[[ Material for this exercise, beginning ]]

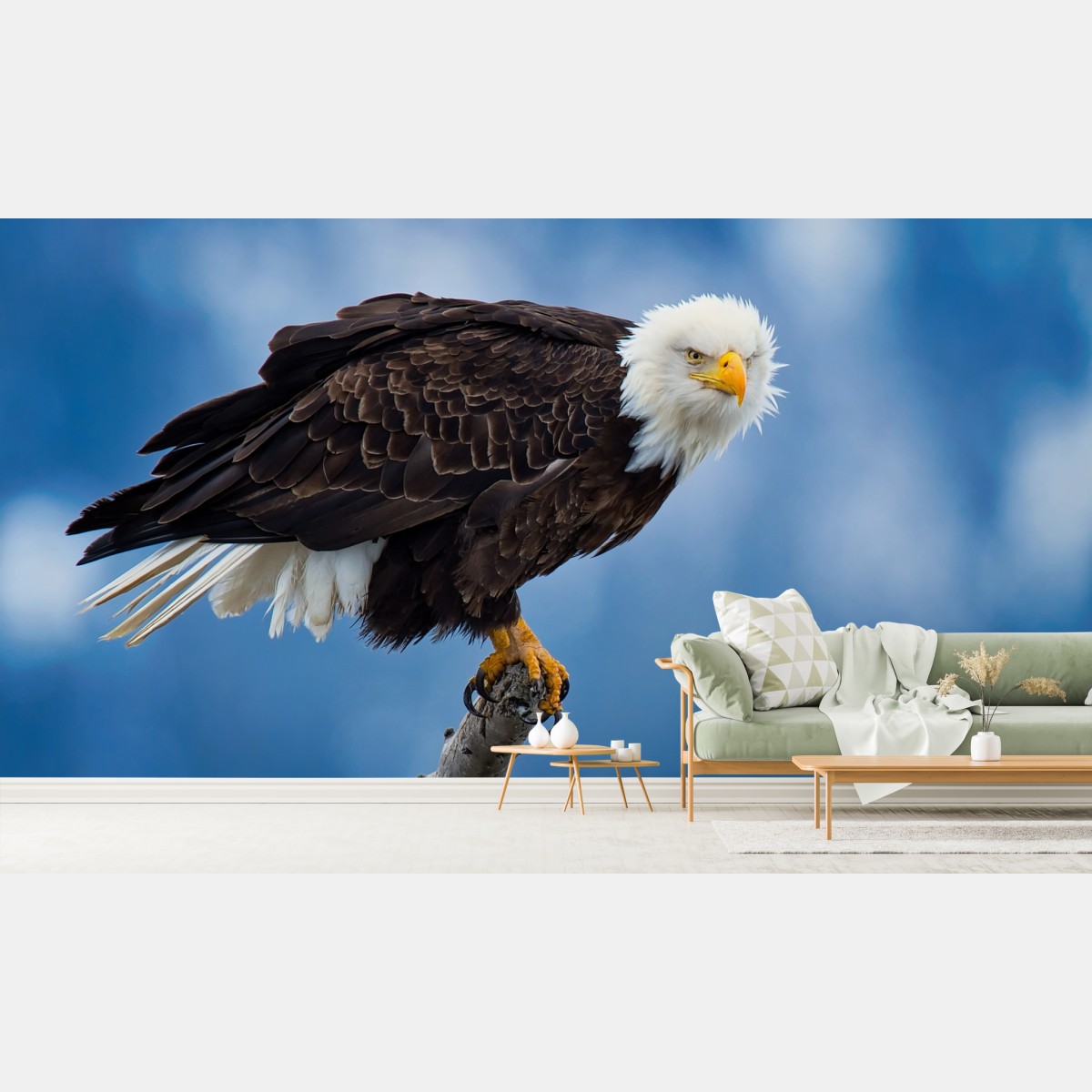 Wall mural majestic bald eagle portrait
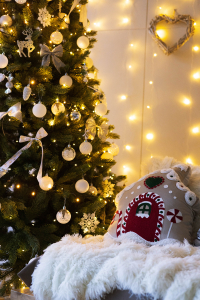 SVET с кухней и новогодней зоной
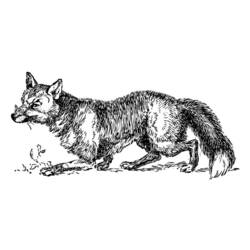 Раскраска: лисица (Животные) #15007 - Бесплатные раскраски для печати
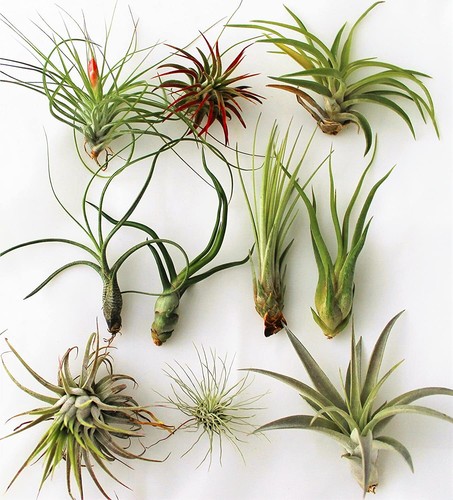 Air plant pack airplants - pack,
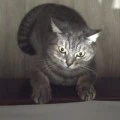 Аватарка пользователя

[[ Material for this exercise, end ]]
[[ Material for this exercise, beginning ]]

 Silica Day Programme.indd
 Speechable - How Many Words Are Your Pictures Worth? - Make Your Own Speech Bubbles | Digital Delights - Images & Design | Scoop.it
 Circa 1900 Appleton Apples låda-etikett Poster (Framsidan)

[[ Material for this exercise, end ]]

* Problem details:
Copy the lines above exactly, starting at the one with "Wall mural majestic bald eagle portrait" and ending at the one with "Аватарка пользователя", both included. Leave out any pictures and add nothing else.

* Answer to the exercise:
 Wall mural majestic bald eagle portrait
 SVET с кухней и новогодней зоной
 Раскраска: лисица (Животные) #15007 - Бесплатные раскраски для печати
 Air plant pack airplants - pack,
 Аватарка пользователя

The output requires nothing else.